Variables start to get a little trickier. There are two possibilities: either we encounter the variable x, which means we should do the substitution, or we encounter some other variable with a different name, say y, in which case we should not do the substitution:

x{e/x} = e
y{e/x} = y

The first of those cases, x{e/x} = e, is important to note: it’s where the substitution operation finally takes place. Suppose, for example, we were trying to figure out the result of (x + 42){1/x}. Using the definitions from above,

  (x + 42){1/x}
= x{1/x} + 42{1/x}   by the bop case
= 1 + 42{1/x}        by the first variable case
= 1 + 42             by the integer case

Note that we are not defining the --> relation right now. That is, none of these equalities represents a step of evaluation. To make that concrete, suppose we were evaluating let x = 1 in x + 42:

    let x = 1 in x + 42
--> (x + 42){1/x}
  = 1 + 42
--> 43

There are two single steps here, one for the let and the other for +. But we consider the substitution to happen all at once, as part of the step that let takes. That’s why we write (x + 42){1/x} = 1 + 42, not (x + 42){1/x} --> 1 + 42.

Finally, let expressions also have two cases, depending on the name of the bound variable:

(let x = e1 in e2){e/x}  =  let x = e1{e/x} in e2
(let y = e1 in e2){e/x}  =  let y = e1{e/x} in e2{e/x}

Both of those cases substitute e for x inside the binding expression e1. That’s to ensure that expressions like let x = 42 in let y = x in y would evaluate correctly: x needs to be in scope inside the binding y = x, so we have to do a substitution there regardless of the name being bound.

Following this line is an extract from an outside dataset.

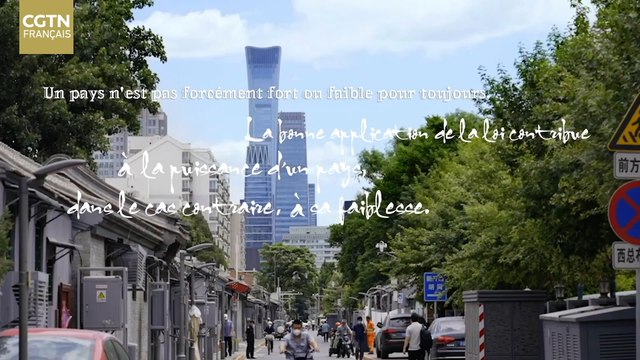 Comment un bureau de la justice dans les hutongs de Beijing sensibilise-t-il des habitants aux questions juridiques à l'aide de l'Opéra de Pékin ?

But the first case does not do a substitution inside e2, whereas the second case does. That’s so we stop substituting when we reach a shadowed name. Consider let x = 5 in let x = 6 in x. We know it would evaluate to 6 in OCaml because of shadowing. Here’s how it would evaluate with our definitions of SimPL:

    let x = 5 in let x = 6 in x
--> (let x = 6 in x){5/x}
  = let x = 6{5/x} in x      ***
  = let x = 6 in x
--> x{6/x}
  = 6

On the line tagged *** above, we’ve stopped substituting inside the body expression, because we reached a shadowed variable name. If we had instead kept going inside the body, we’d get a different result:

    let x = 5 in let x = 6 in x
--> (let x = 6 in x){5/x}
  = let x = 6{5/x} in x{5/x}      ***WRONG***
  = let x = 6 in 5
--> 5{6/x}
  = 5

Example 1:

let x = 2 in x + 1
--> (x + 1){2/x}
  = 2 + 1
--> 3

Example 2:

    let x = 0 in (let x = 1 in x)
--> (let x = 1 in x){0/x}
  = (let x = 1{0/x} in x)
  = (let x = 1 in x)
--> x{1/x}
  = 1

Example 3:

    let x = 0 in x + (let x = 1 in x)
--> (x + (let x = 1 in x)){0/x}
  = x{0/x} + (let x = 1 in x){0/x}
  = 0 + (let x = 1{0/x} in x)
  = 0 + (let x = 1 in x)
--> 0 + x{1/x}
  = 0 + 1
--> 1

9.3.7. Implementing Substitution#

The definitions above are easy to turn into OCaml code. Note that, although we write v below, the function is actually able to substitute any expression for a variable, not just a value. The interpreter will only ever call this function on a value, though.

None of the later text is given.